THE DATA:
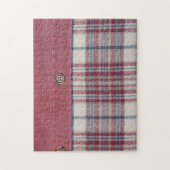 Puzzles de scie patinés (Vertical)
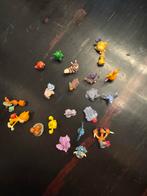 Pokemon mini poppetjes, Verzamelen, Poppetjes en Figuurtjes, Ophalen of Verzenden, Zo goed als nieuw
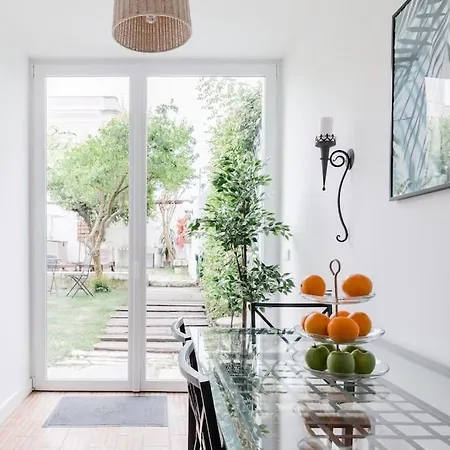 Garden Oasis With Patio Lejlighed *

PROBLEM DETAILS: Copy out, unchanged, the span of lines beginning with the one that includes "Pokemon mini poppetjes, Verzamelen, Poppetjes" and running through the final line of the material above. Leave the pictures out.

ANSWER FOR THIS EXERCISE:
 Pokemon mini poppetjes, Verzamelen, Poppetjes en Figuurtjes, Ophalen of Verzenden, Zo goed als nieuw
 Garden Oasis With Patio Lejlighed *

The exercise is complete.